_Aim of the task:_
A faithful copy of all the data is the goal; omit the pictures.

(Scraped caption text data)
━━━━━━━━━━━━━━━━
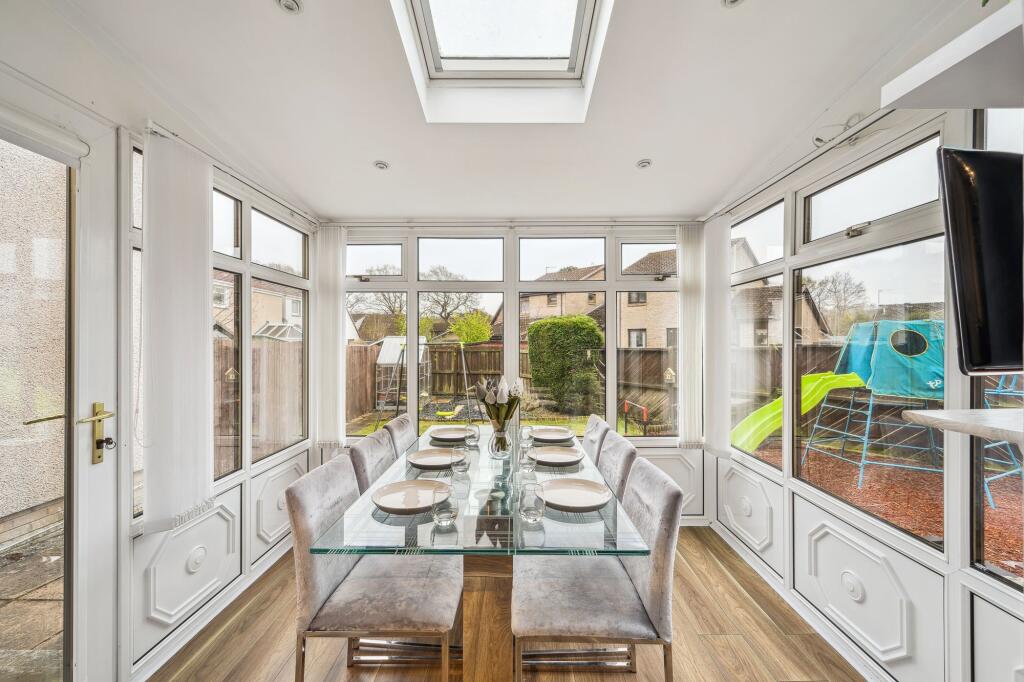 Kitchen / Dining Area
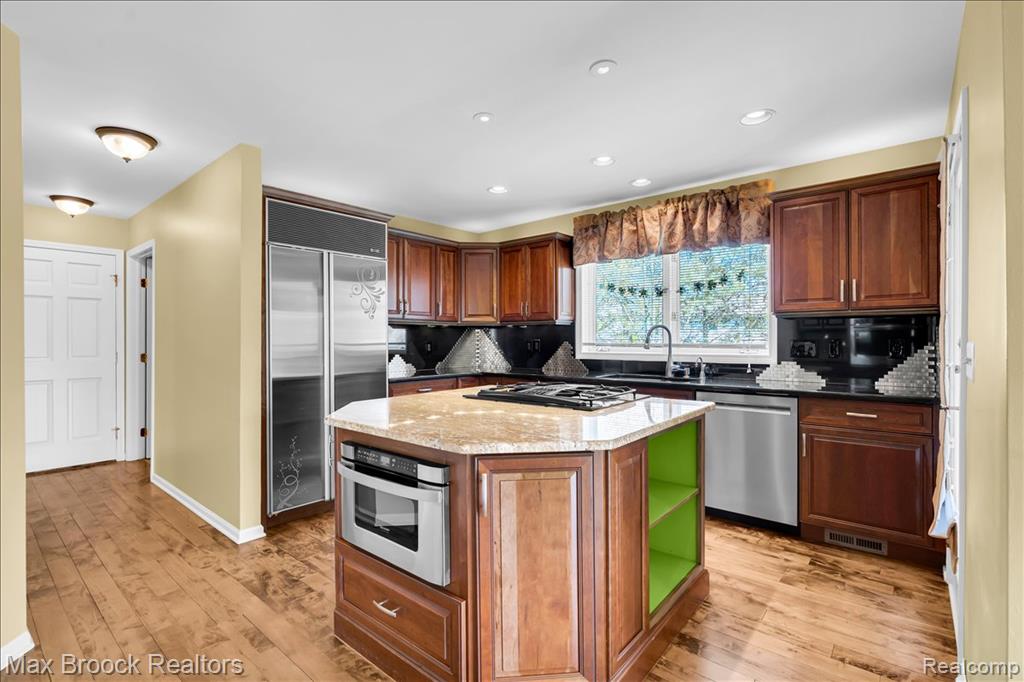 11633 Lorenz Way, Plymouth, MI 48170 — Photo 11
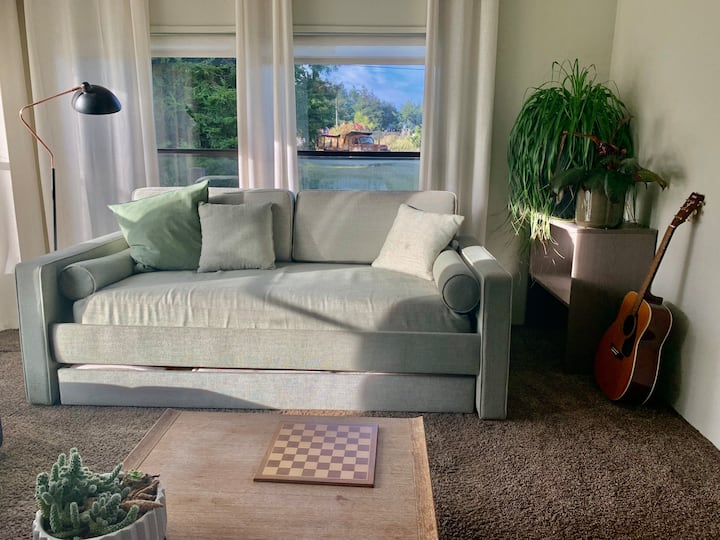 Redwood Meadow Guest House - Fort Bragg, CA
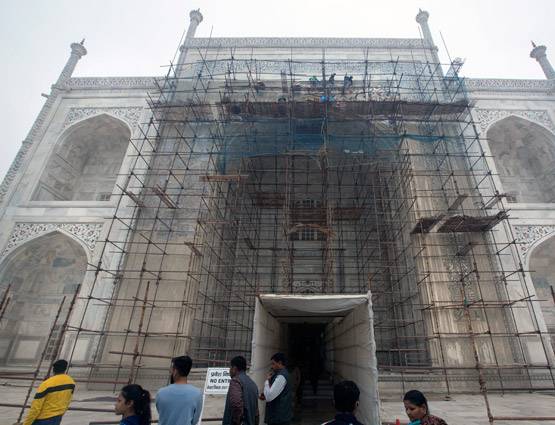 ताजमहल का रंग पड़ रहा है पीला, मुल्तानी मिट्टी से चमकाने की कोशिश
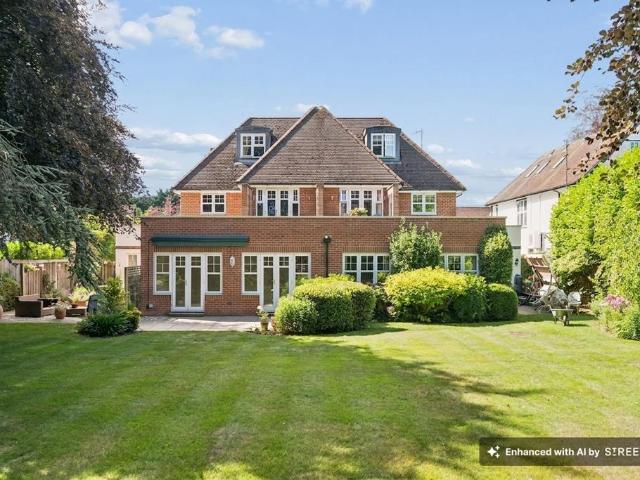 Flat for sale in Beaconsfield, Knotty Green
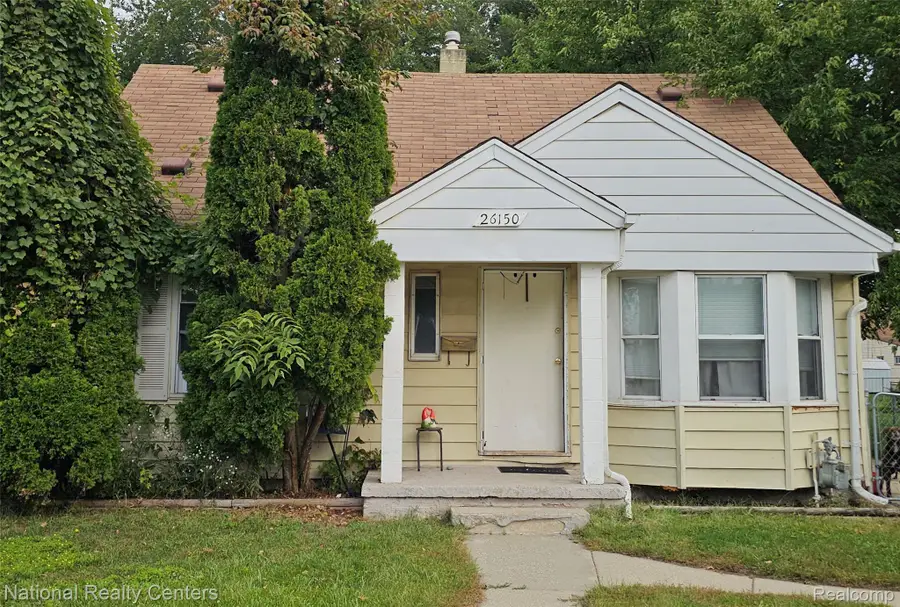 26150 Hanover Street, Dearborn Heights, MI 48125 - #2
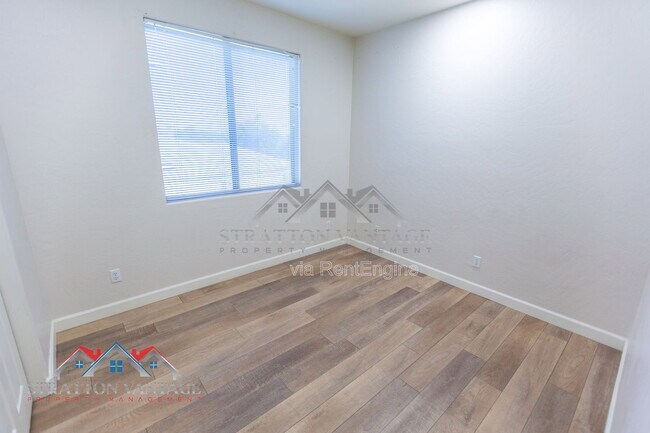 Building Photo - 14616 W Windward Ave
━━━━━━━━━━━━━━━━
_Result of this task:_
 Kitchen / Dining Area
 11633 Lorenz Way, Plymouth, MI 48170 — Photo 11
 Redwood Meadow Guest House - Fort Bragg, CA
 ताजमहल का रंग पड़ रहा है पीला, मुल्तानी मिट्टी से चमकाने की कोशिश
 Flat for sale in Beaconsfield, Knotty Green
 26150 Hanover Street, Dearborn Heights, MI 48125 - #2
 Building Photo - 14616 W Windward Ave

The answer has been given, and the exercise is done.